▶ **TASK GOAL**
Please transcribe the data that follows exactly as given, leaving out every picture.

[Recorded data]
▽

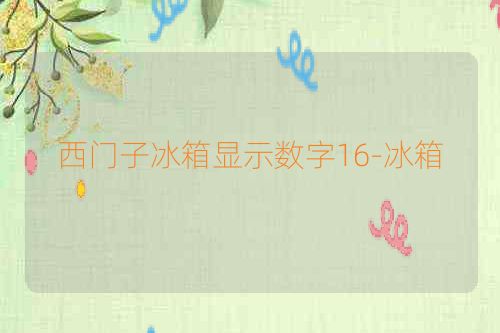 西门子冰箱显示数字16-冰箱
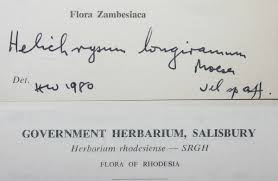 Image result for Helichrysum longiramum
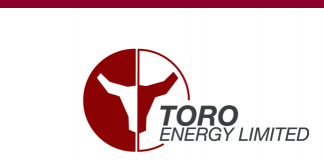 Toro Energy Managing Director joins Australia-India CEO Forum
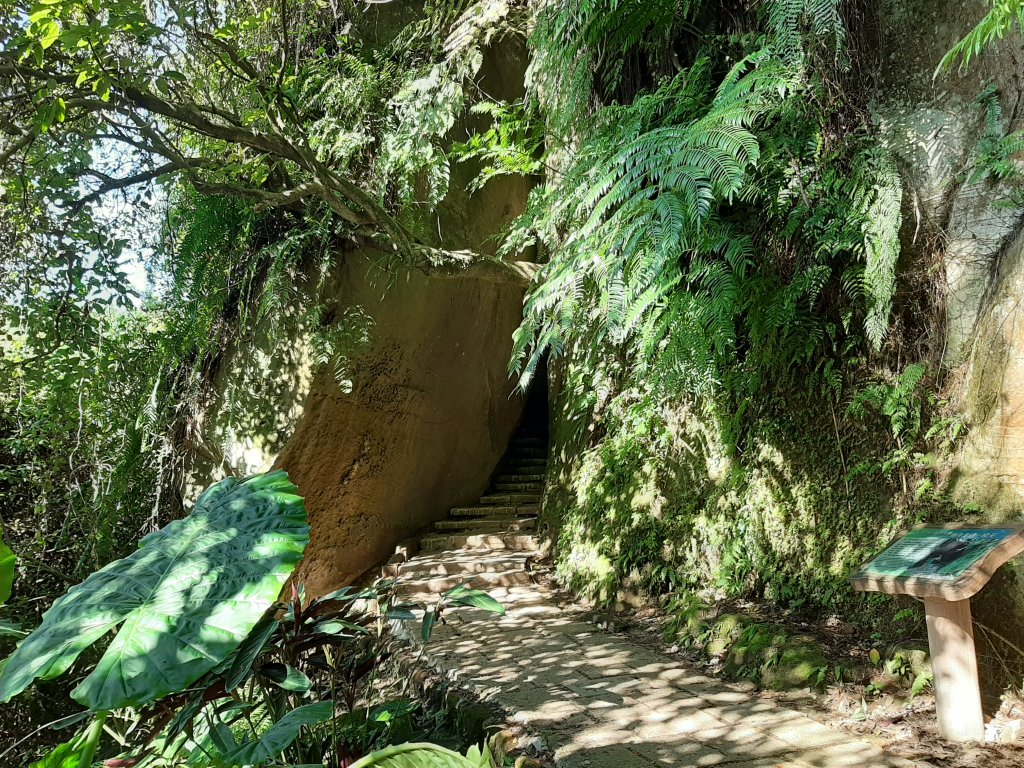 虎、豹、獅、象、九五峰、南港山、拇指山_1145234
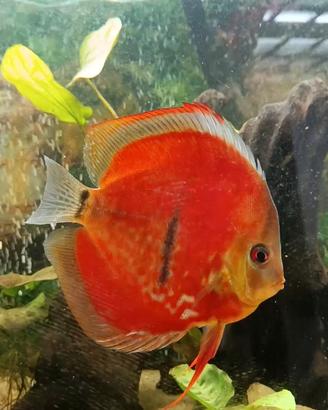 Coppia Discus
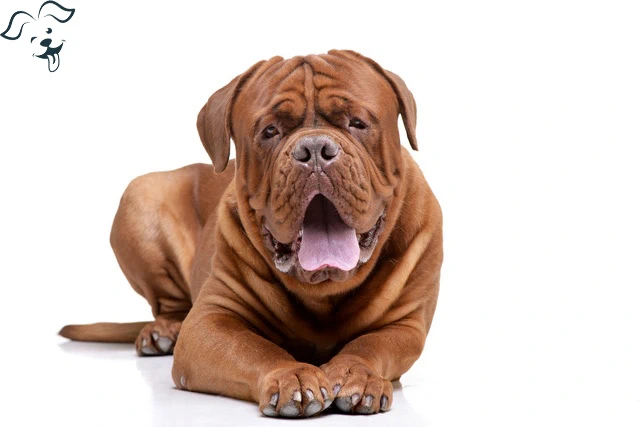 Chinses Shar-Pei Image 2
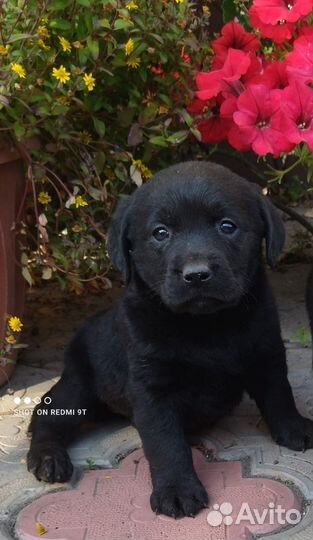 Щенки лабрадора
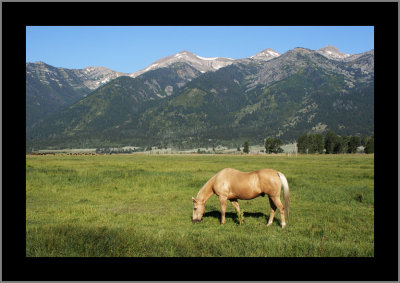 Eating on the green, green grass of home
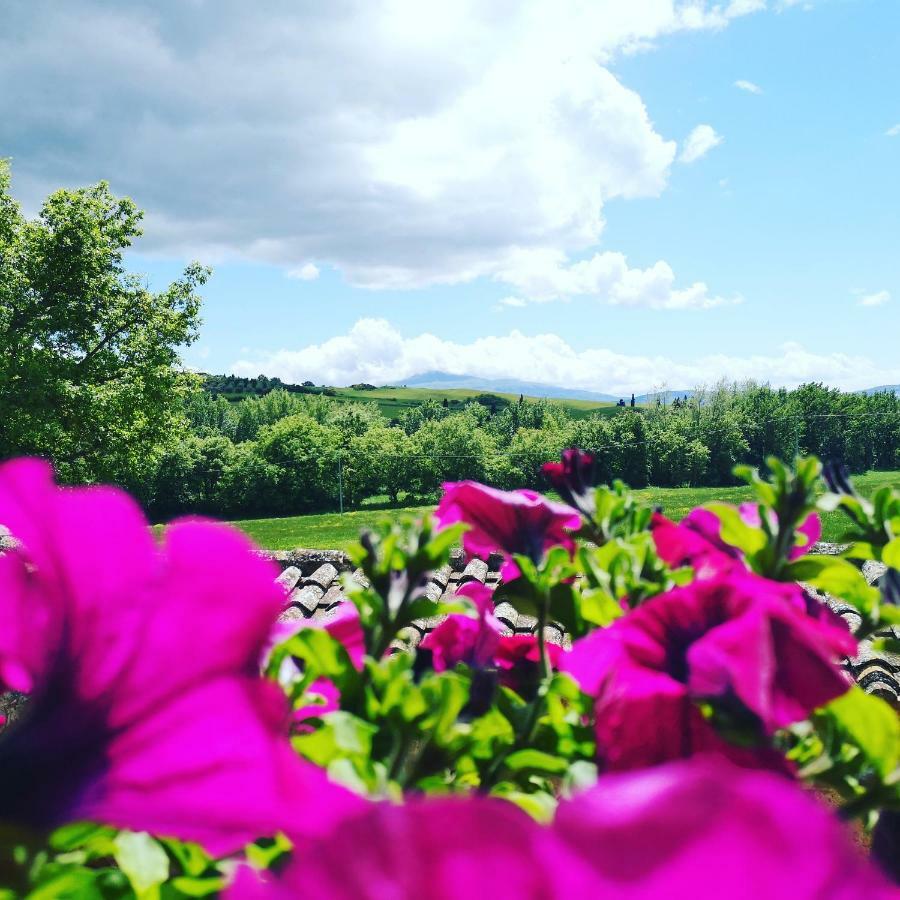 Agriturismo Casalpiano Pienza Kültér fotó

△

▶ **REPLY TO THE TASK**
 西门子冰箱显示数字16-冰箱
 Image result for Helichrysum longiramum
 Toro Energy Managing Director joins Australia-India CEO Forum
 虎、豹、獅、象、九五峰、南港山、拇指山_1145234
 Coppia Discus
 Chinses Shar-Pei Image 2
 Щенки лабрадора
 Eating on the green, green grass of home
 Agriturismo Casalpiano Pienza Kültér fotó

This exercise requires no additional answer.